Fourth Circuit rejects feds’ effort to commit “sexually dangerous person” under AWA
The Fourth Circuit has a notable sex offender civil committment ruling today in US v. Caporale, No. 12-6832 (4th Cir. Dec. 6, 2012) (available here). Here is how it gets started:
The government appeals the judgment of the district court directing that Patrick Caporale be freed from the custody of the Bureau of Prisons and granted supervised release. Caporale finished serving his prison sentence for child molestation in 2008, but he has remained incarcerated while the government seeks to have him declared a “sexually dangerous person” pursuant to the civil-commitment provisions of the Adam Walsh Child Protection and Safety Act of 2006 (the “Walsh Act”), Pub. L. No. 109-248, 120 Stat. 587, as specifically set forth in 18 U.S.C. § 4248.
A sexually dangerous person under the Walsh Act means one “who has engaged or attempted to engage in sexually violent conduct or child molestation and who is sexually dangerous to others.” 18 U.S.C. § 4247(a)(5). A person is sexually dangerous to others insofar as he or she “suffers from a serious mental illness, abnormality, or disorder,” and, as a result, “would have serious difficulty in refraining from sexually violent conduct or child molestation if released.” Id. § 4247(a)(6). The parties have never disputed that, as evidenced by his several convictions, discussed infra, Caporale satisfies the first, prior-conduct element of § 4247(a)(5) by having engaged in child molestation.

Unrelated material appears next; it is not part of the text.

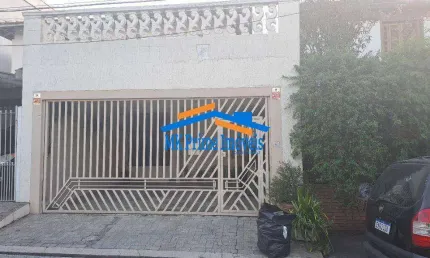 Sobrado 3 Quartos, 1 Suíte – 138 m²  - Parque Continental/SP.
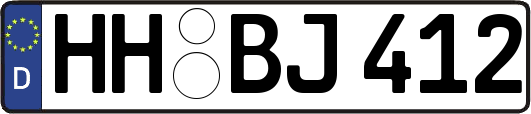 HH-BJ412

Following an evidentiary hearing whose scope was thereby limited to the second element of § 4247(a)(5), the district court ruled that, as a matter of law, the government had not proved that Caporale suffers from a serious mental illness, abnormality, or disorder. The court perceived in the alternative that even if Caporale were so afflicted, his commitment was not required because the government had also failed to sufficiently show that Caporale will experience serious difficulty in refraining from sexually violent conduct or child molestation if released.
We conclude that, contrary to the district court’s legal determination and as established by the evidence, Caporale indeed suffers from a qualifying mental impairment. We nevertheless affirm the judgment below, discerning no clear error in the court’s alternative rationale that the government fell short of carrying its burden to demonstrate a relative likelihood that Caporale will reoffend.